Por increíble que parezca, la faena continuó en la misma tesitura. A una nueva tanda con la derecha le siguió otra con la zurda. Series cortas, con el toro cada vez más avisado y geniudo. Al tercer natural ligado "Timbalero" respondió con un hachazo al bulto… Y Mariano Ramos, tras mínima enmienda, con un doblón sin cambiarse la muleta de mano, ayudándose con el estoque y castigando, y al mismo tiempo consintiendo con un temple inmaculado hasta que, al remate del cuarto muletazo el cárdeno, rendido, sacó la lengua.
El desplante
El desplante puede ser un gesto genuinamente torero o una gratuita engañifa de cara a la galería. En el primer caso es un desafío, un reto a la fiereza vencida pero siempre latente; en el segundo, un alarde innecesario y de dudoso gusto. Al someter por enésima vez el genio de "Timbalero" forzándolo a crujir el esqueleto en aquella postrera tanda de ayudados con la izquierda, rematados con temple impecable mientras aguantaba el derrote con la flexionada rodilla entre los pitones, Mariano Ramos sintió que la faena estaba hecha y derrotado el adversario; para demostrarlo, puso el codo izquierdo sobre la testuz del toro y fingió una breve llamada telefónica, el desplante que patentara Carlos Arruza en tiempos de Manolete.
Se retiró de la cara del astado, se perfiló ahí mismo con su invariable estoque de acero –nunca utilizó el ayudado– y, lanzándose entre los pitones, sepultó arriba tres cuartos de hoja que el animal acusó de inmediato; tanto que Mariano lanzó lejos la muleta y se abrió de brazos a corta distancia de la res en un último gesto triunfal, al que "Timbalero", con la espuma de su propia sangre escurriéndole de los belfos, respondió con un violento arreón, que el torero esquivó sin irse, antes de derrumbarse a sus pies.
"¡Otro juez… !" Así coreó la multitud tras la increíble respuesta del palco a la hazaña que acababa de presenciarse.
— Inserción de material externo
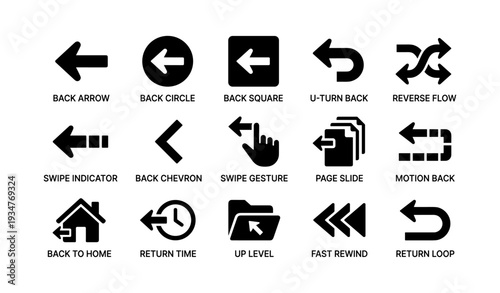 Variety of backward navigation icons for digital interfaces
Y es que el juez de plaza Pedro López Anaya solamente sacó un pañuelo para premiarla. Y allí ardió Troya. Y a los desahogos verbales contra el funcionario correspondió la gente obligando a Mariano a dar tres clamorosas vueltas al anillo.
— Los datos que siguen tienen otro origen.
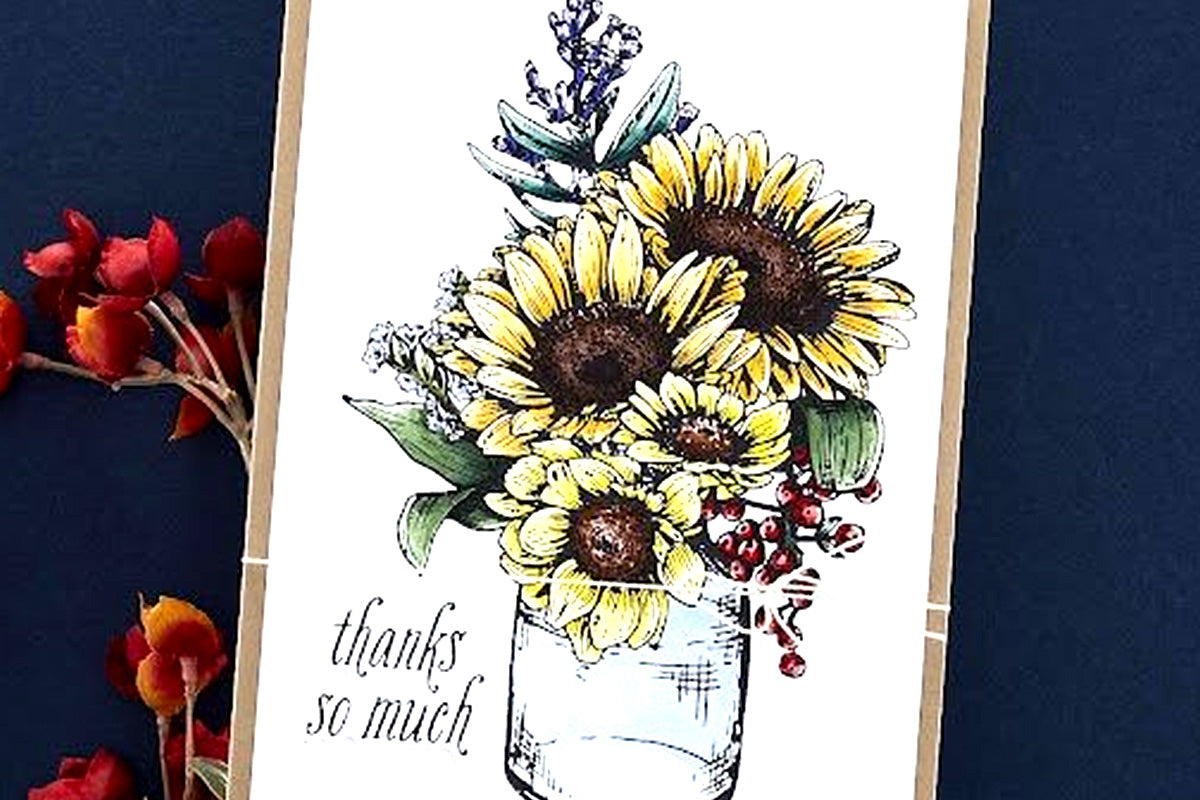 A drawn image of a sunflower on a thank-you greeting card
Y José Alameda encabezó su crónica refiriéndose a "Una gran faena de Mariano y una mala faena del juez"; en el cuerpo de su relato aducía: "El de Piedras Negras llegó al tercio final con peligro… recién iniciada la faena alargó el cuello, ese cuello como acordeón que tenían los antiguos miuras, y se fue sobre él, persiguiéndolo largo trecho mientras el torero, a fuerza de mejorar el terreno, lograba afirmarse sobre el suyo y dominar la situación… luego se dobló magistralmente. Con un poderío llenó de sabor y exactitud técnica. Esa técnica, que se enfría y se mecaniza cuando se está frente a un novillote engordado, cobraba ahora la mayor emoción porque se estaba empleado con un toro, que lo era por su tamaño, por su encornadura y por su casta". (El Heraldo de México, 22 de marzo de 1982).
Lo demás fue lo de menos
El resto valió bien poco. Nada fáciles los de Piedras Negras, debatiéndose entre la flojedad y el nervio, apenas permitirían que Felipe y Nimeño se lucieran banderilleando. El juez siguió desbarrando al devolver indebidamente al cuarto y condenar a Mariano a vérselas con un inválido. Y eso fue todo. Pero la gesta de "Timbalero" ahí quedó. Muestra imperecedera de lo que es la grandeza del toreo como amalgama de arte sin abalorios, valor auténtico, talento lidiador e inteligencia torera.